A key reason for the roadtrip to Lajamanu was to see the Warlpiri’s large-scale outdoor Milpirri Festival, which is put on by the Warlpiri community in partnership with the Tracks Dance Company for one night only every two years. The one that I saw on Saturday October 15 was the seventh biannual festival.
The rehearsals for Milpirri were on the Friday night:

Milpirri is a ceremonial performance based largely around dance that taps into the history of Warlpiri culture. It is a way of passing on the knowledge of this culture that connects the Warlpiri community and enables them to survive on this land. Milpirri refers to the clouds that bring thunder, lightening and rain at the start of the wet season, which then results in grass and food. The ceremony is a celebration.
In this collaboration between the Lajamanu Community, Tracks Dance Company and Lajamanu School that began in 2005 the Warlpiri cultural concepts are integrated into the teaching program. The performance draws on a variety of dance styles, from contemporary, hip hop, and Warlpiri dance. It is a bilingual, bicultural event designed to bring Warlpiri and Kardiya (non-Warlpiri, non-Aboriginal people) together.
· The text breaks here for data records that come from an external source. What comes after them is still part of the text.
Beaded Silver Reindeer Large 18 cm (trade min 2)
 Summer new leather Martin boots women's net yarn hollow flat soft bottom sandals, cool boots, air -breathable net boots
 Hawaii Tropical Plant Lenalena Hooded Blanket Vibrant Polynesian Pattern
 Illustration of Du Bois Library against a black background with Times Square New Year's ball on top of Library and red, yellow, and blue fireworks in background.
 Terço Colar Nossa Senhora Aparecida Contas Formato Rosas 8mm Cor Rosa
The Walrpiri kids at the rehearsal were fill of joy, enthusiasm, celebration and energy. They were having a ball. It was upon their shoulders that the future of the Warlpiri pathway between tradition and modernity depends.
Outside the Tanami Desert in regional Australia, as manufacturing and industry have declined taking many working-class and regional towns with them, parents and grandparents have found that the opportunities they once had are unavailable to their children. Employment opportunities have dried up in many areas, real incomes have been stagnant or even falling for decades, and job and social insecurity have spiked. The populist movement that has emerged is an anti-establishment revolt by globalization’s losers who perceive themselves as being on the losing side of things.
This resurgence that is an opposition to decades of multiculturalism is one in which conservative white people have anchored their identity more fully in their whiteness premised on an “us” and “them.” The resurgence of white nationalism defines indigenous people and non-white immigrants as “other.” The white rhetoric is “I want my country back,” “we are full,” “Australia for Australians,” and “let’s make Australia great again.”Their white fragility leads to feelings of insecurity, defensiveness, even threat. This, in turn, creates a backlash against those perceived as the “other, and a resurgence of white nationalism among white Australians. I want my country back and Australia for the Australians means, andis understood to mean, a white Australia.

Their white nationalism is the belief that Australia’s national identity should be built around white ethnicity, and that white people should therefore maintain both a demographic majority and dominance of the nation’s culture and public life The white nationalism, which is concerned to maintain political and economic dominance, not just a numerical majority or cultural hegemony, overlaps with white superiority that is based on a racist belief that white people are innately superior to people of other race.
The Warlpiri, who have been deeply scarred by the history of the white superiority of settler Australia, see the foundations of white identity to be based on denial and non-truths about this history of white colonial settlement and colonisation via invasion and genocide and whites as superior and blacks as inferior and in need of civilisation.